Medgadget: Can you summarize for our readers how your technology works?
Jack Regan: LexaGene LX6 is the first open access instrument for rapid pathogen detection and characterization. The instrument processes up to 6 samples at a time in an on-demand fashion. It draws a liquid sample into a single use disposable cartridge that has two chambers. The first chamber has a filter to capture bacteria and viruses – a lysis buffer is then passed through this filter to break open the microbial cells and release its genetic content. This genetic content is then passed on to the second membrane where it is processed for real-time polymerase chain reaction (PCR). Using this system, up to 20 different pathogens can be detected from one sample within one hour. Our animated video shows a summary of the technology.
Medgadget: How does your instrument compare with other competitors in the market? How is pathogen detection currently performed for food safety?
Jack Regan: Food safety does not have a low cost, easy to use, large volume instruments currently. One of the biggest advantages of using our system is the greater chance to avoid subsampling error. This happens when a small sample (say 1ml from a 500ml water bottle) is taken for testing, leading to false negatives that could have been detected if larger sample sizes were used. The LX6 can provide sampling of 50 ml or less, which is a 5 times improvement compared to industry standards.
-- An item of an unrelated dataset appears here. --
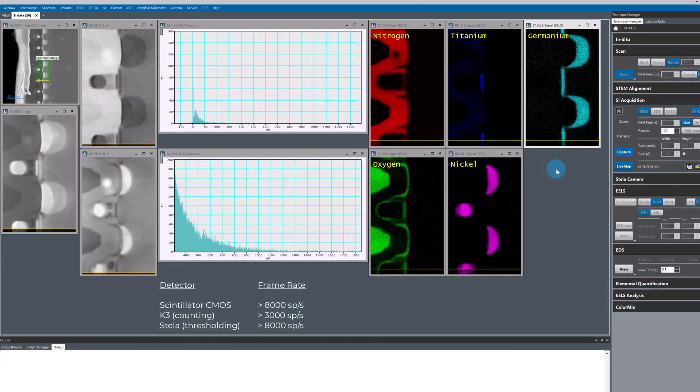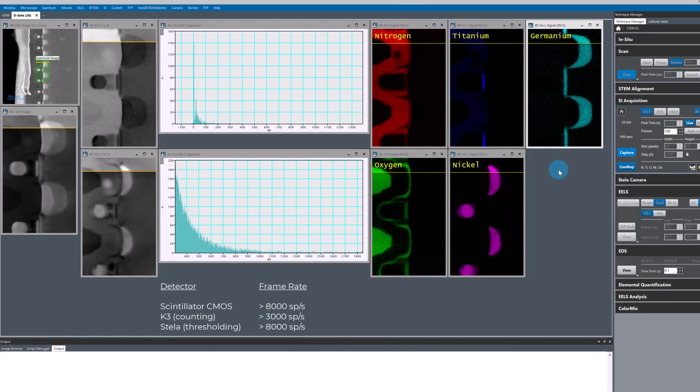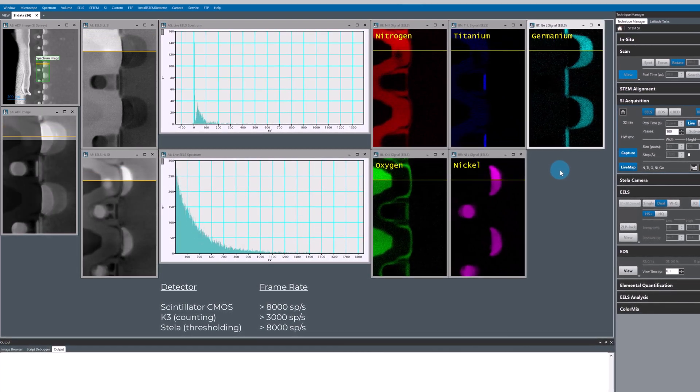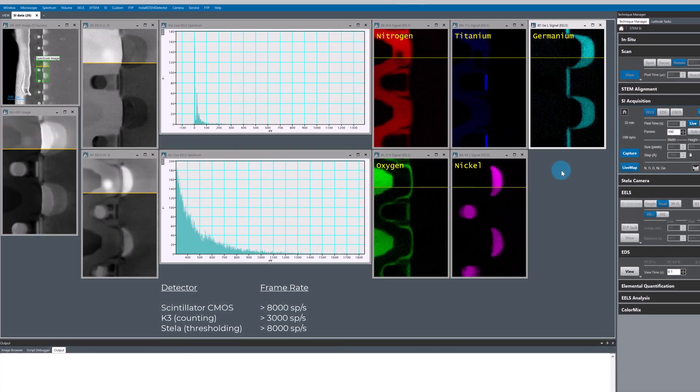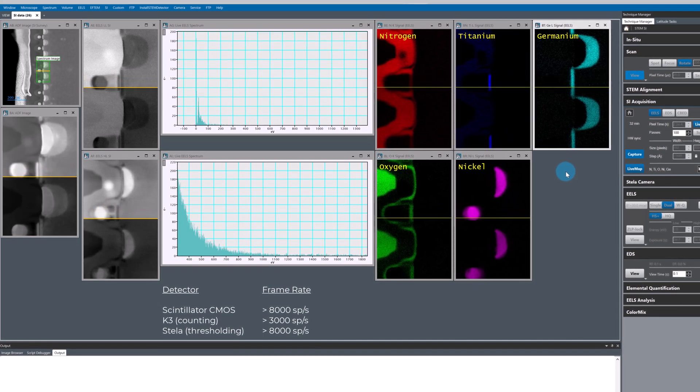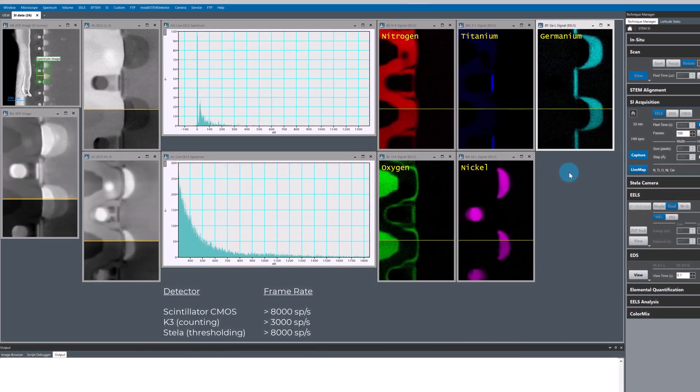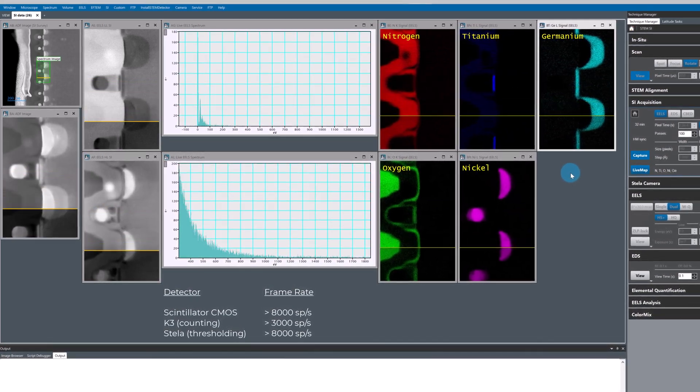So to help me choose when to stop scanning, I've enabled live mapping so I can monitor the signal to noise ratio in my elemental maps live as the data is being acquired.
Also, the current standards use a traditional method of pathogen detection. They typically rely on culture of samples which is great because it confirms that the bacteria or viruses are alive, but this takes a long time to process (typically 24-48 hours), which is not suitable especially for the food industry. The LexaGene system allows the food industry to assess whether the food sample is of high risk or low risk. If a sample is labelled as high risk, it can be sent for further testing using the culture method. However, if a sample is low risk, it means that the food has likely not encountered any one of the 20 pathogens that the system tests for, and is likely safe to be sent out for consumption. LexaGene gives the food industry the option of making this choice for themselves. The test can also be used to monitor certain general indicator species that are not harmful but are a good indicator of the cleanliness of the facility.
Medgadget: Your instrument is meant to be open access. How do you think this will help in expanding the number of pathogens being tested? What are some of the other advantages of the LX6 system?
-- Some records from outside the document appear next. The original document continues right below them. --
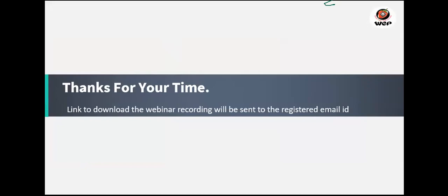There are no more questions. If you have any further questions, you can write to us and we will try to answer them. Thank you for joining. The recording of this webinar will be shared shortly. Thank you all for your time.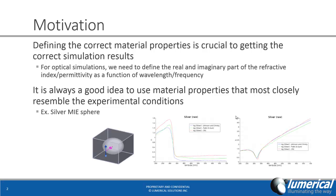Here you can see that for silver, the refractive index is actually quite different depending on which reference you choose. And this is why it's always a good idea to use the data that most closely matches your experimental conditions.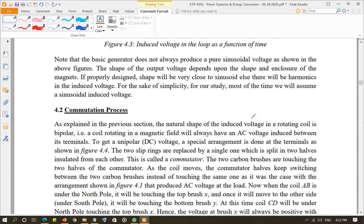Now let's discuss how the AC voltage generated through the basic movement of a coil inside a magnetic field, as we discussed in the last video and in the first topic of this chapter, can be converted into a DC voltage. As some of you have studied in semiconductor devices or power electronics, rectifier circuits can be used to convert AC voltage into DC voltage.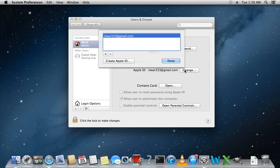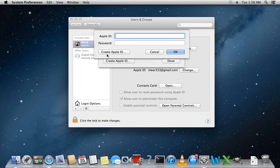In the appeared window, press the minus sign to remove the current Apple ID. Then, click on the plus sign and type in your new Apple ID and password.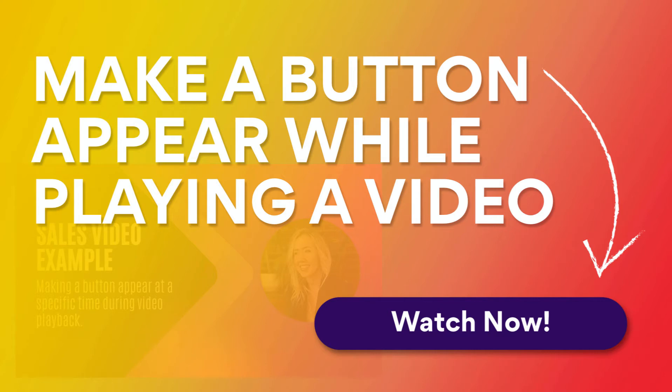What's up everyone. I'm going to show you how to make a button pop up while playing a video once it hits a specific time.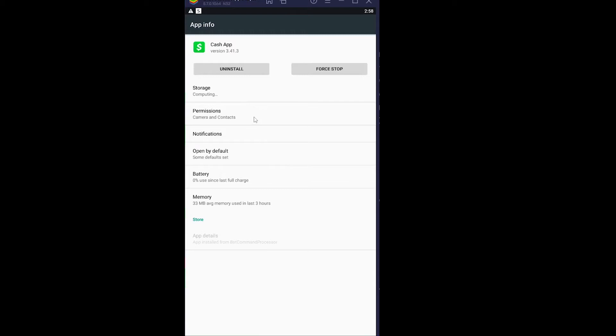All right, now if you're an iPhone user, just delete your Cash App and reinstall it again. It's going to reset all the settings of Cash App and it should work. Now for Android users, first make sure you try this method. If this method also didn't work, then only you delete your Cash App and reinstall it.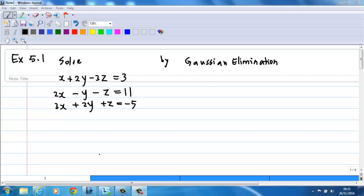This example will show you how to solve simultaneous equations by Gaussian elimination. We are given a simultaneous equation: x plus 2y minus 3z equals 3, 2x minus y minus z equals 11, and 3x plus 2y plus z equals negative 5.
Jack Regan: The most distinguishing feature of our technology is that it is open access, giving the end user the capability to customize the system. We understand that different food processing facilities will have a different panel of pathogens they need to test for, and our system allows for complete customization. We initially offer a range of reagents that are certified by LexaGene. This will also be cost-effective because LexaGene will charge per test run and not per sample run, meaning that the end user will only pay for what they use.
It is also easy to use – a lay person can be taught how to run the samples and analyze the outputs. Other advantages include its compact design, its low carbon footprint, its ability to detect both DNA and RNA pathogens and its fast turnaround time.
Medgadget: What are the plans for the company in the coming years?
Jack Regan: We are currently finalizing the alpha prototype and the beta prototype will be ready for late summer. We hope to ship the beta prototype to customers by late august 2018 with reagents that can be used by both the food industry and for vet diagnostics.